Ever since my grandparents passed, I forgot how to celebrate things. The big things, the little things, all things.
Holidays were not as special. Birthdays were not as special. Small victories were not as special. And I think I became numb to success. I always felt like the things in my life should be celebrated more than they were, but I forgot how to celebrate.
Little by little, being on sports teams and making good friends showed me how to celebrate again. I was proud of my accomplishments, and I wanted to celebrate my own success as much as others'.
It was odd at first because I had lost knowledge of how to do so. I literally would be successful, feel proud for a moment, and then just move right past it. As if success is an extremely normal thing and not this grand thing we should be celebrating.
It was nice to celebrate things again, and I felt so much love around me. But then that changed again…
Celebrating a championship win turned into questions about where I would play in college, how good I was compared to the competition, and how many points I had scored.
Celebrating a new job turned into questions about the next steps, what the pay was, and if I was sure there were not any other positions that would fit me better.
Celebrating small things turned into a joke, like why celebrate the fact that you carried all your grocery bags into the house in one trip?
Celebrating things turned into expectations of others wanting more. Celebrating things turned into not being grand enough to be worthy of celebrating. Celebrating things turned into me not celebrating anything.

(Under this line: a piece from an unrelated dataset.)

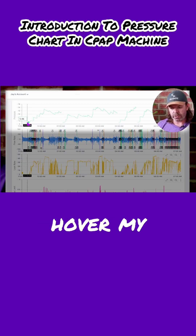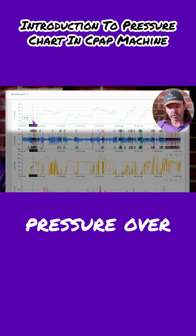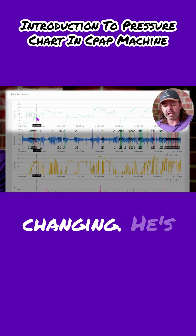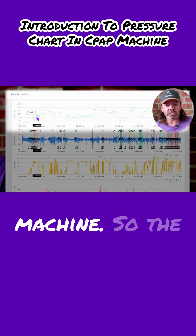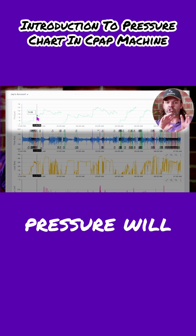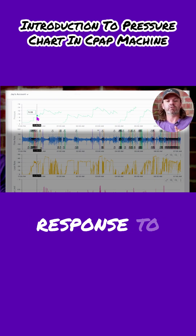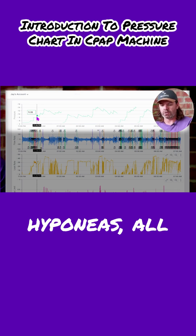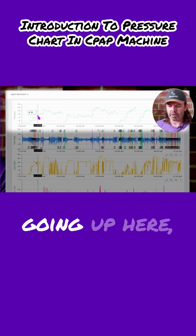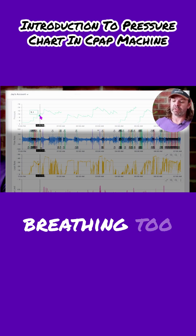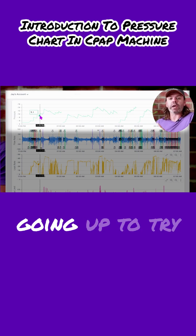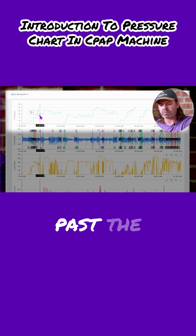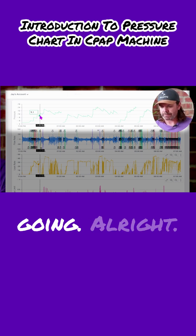If I hover my cursor over the pressure — the green line here — this is the pressure that's changing. He's using an automatic machine, so the pressure will change over time in response to how Jay is breathing: apneas, hypopneas, all that stuff. You can see it's going up here, which normally means he's not breathing too well, and the machine is going up to try and force more air into his lungs, force air past the blockage and get his breathing going.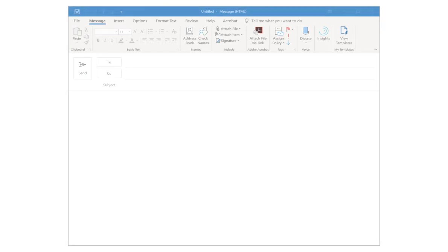First you'll need to create a new email using your chosen email client. Today we're using Outlook.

The thing is, I have always remembered how it felt to celebrate with my grandparents. It was simply a celebration of something worthy of celebrating. No questioning the worthiness of it, no extra expectations for next steps and striving for something better, no playing off success as something that happens every single day to everyone.
But I feel like my circle of celebration keeps getting smaller as I am getting older. And that's sad to me. I want to be able to share with my friends and family all the good that has happened in my life, no matter how big or small. But we don't celebrate the same. We can't just look at the thing we want to share and take it for what it is. We are always expecting more or looking at it with our own view instead of just being happy and there for someone's party.
So, I challenge you. Celebrate everything. Celebrate the fact that you woke up today. Celebrate the fact that it is a Tuesday. Celebrate that you just got a new blanket. Celebrate that your friend just had a baby. Celebrate yourself.
Maybe if we celebrate more, we will see there is more to celebrate. And then maybe, we will celebrate like our grandparents used to celebrate.